Once the pictures are set aside, transcribe each line of the listing exactly.

_Data excerpt_
========
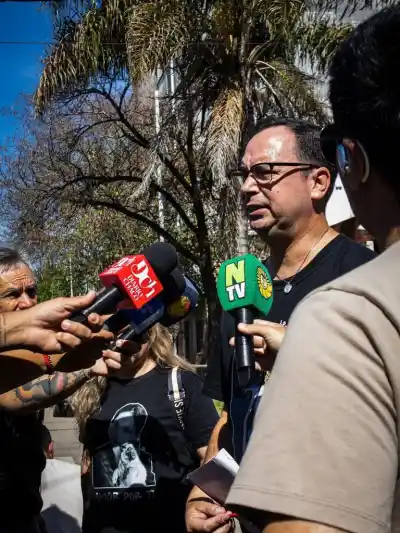 A un año y medio de la tragedia, la familia de Mili volvió a la esquina y dejó una marca imborrable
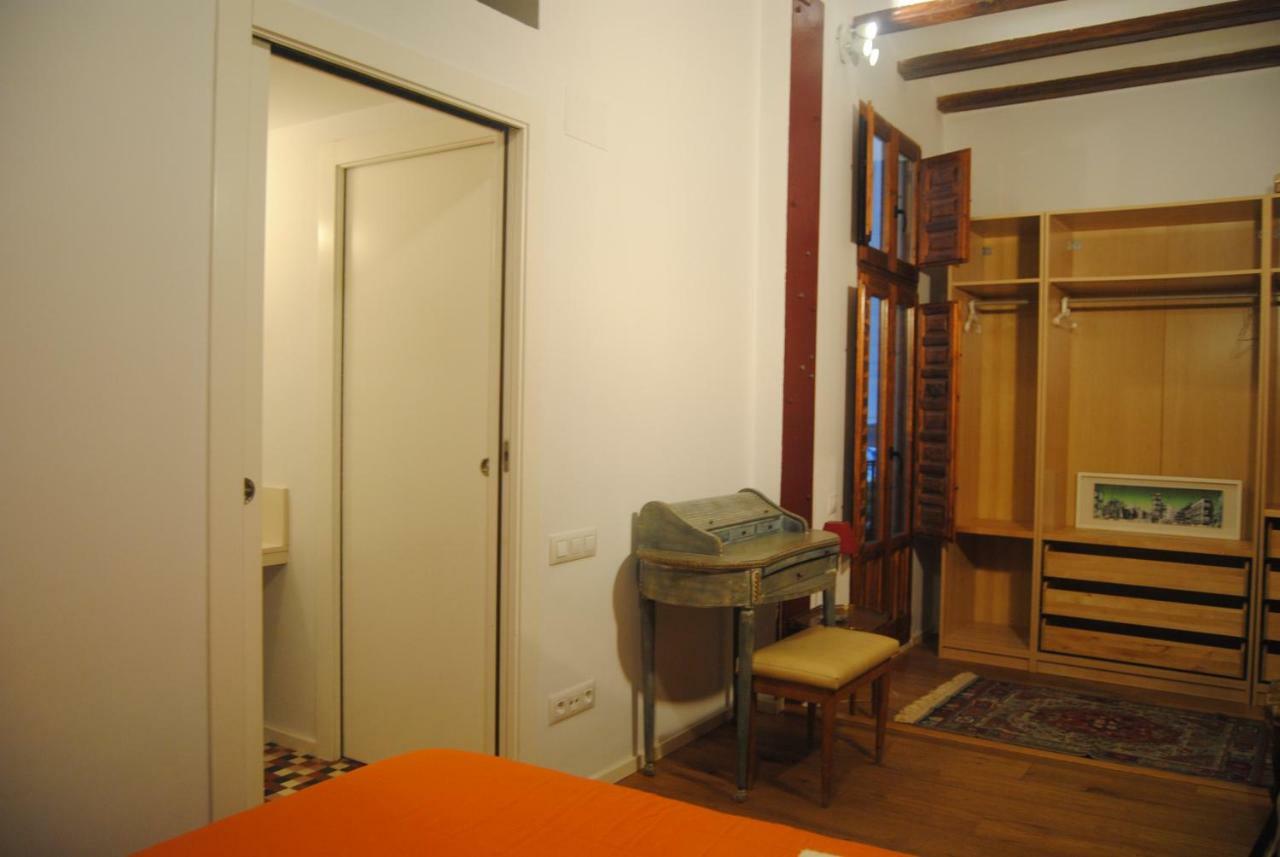 Loft En Centro Historico Apartment Valencia Bagian luar foto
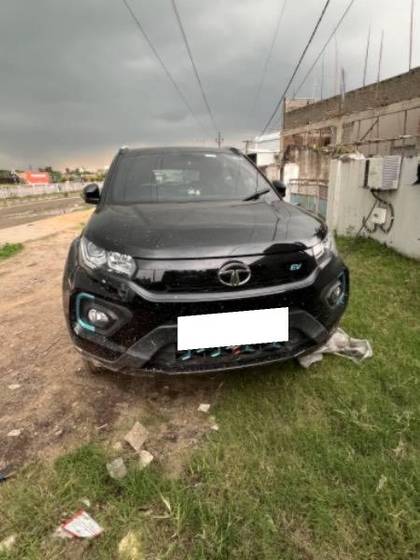 Tata Nexon EV XZ Plus Dark Edition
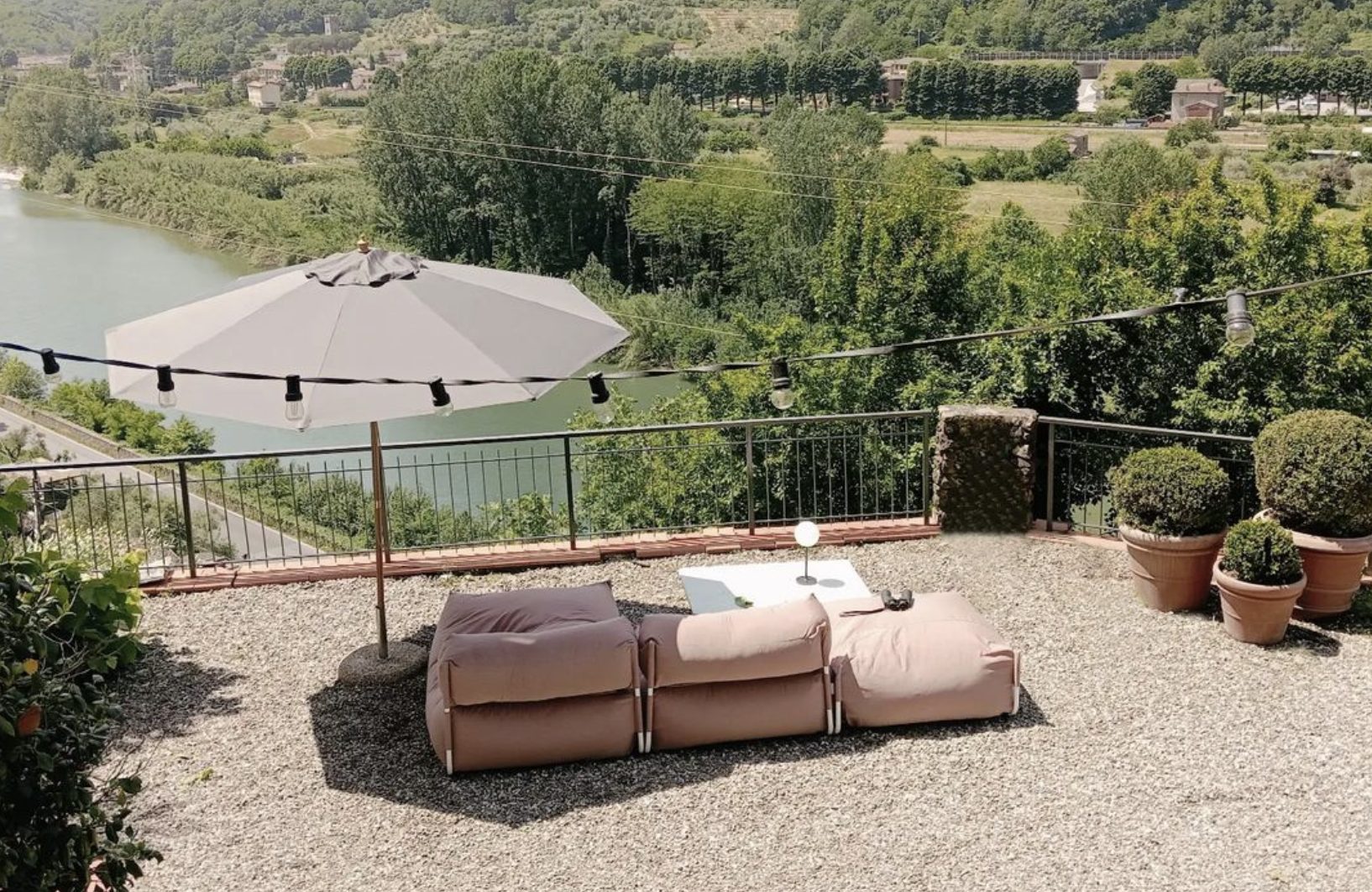 Woonkamer van Villa Mia na de herinrichting: rustige, authentieke Toscaanse styling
========
_Exercise solution_
 A un año y medio de la tragedia, la familia de Mili volvió a la esquina y dejó una marca imborrable
 Loft En Centro Historico Apartment Valencia Bagian luar foto
 Tata Nexon EV XZ Plus Dark Edition
 Woonkamer van Villa Mia na de herinrichting: rustige, authentieke Toscaanse styling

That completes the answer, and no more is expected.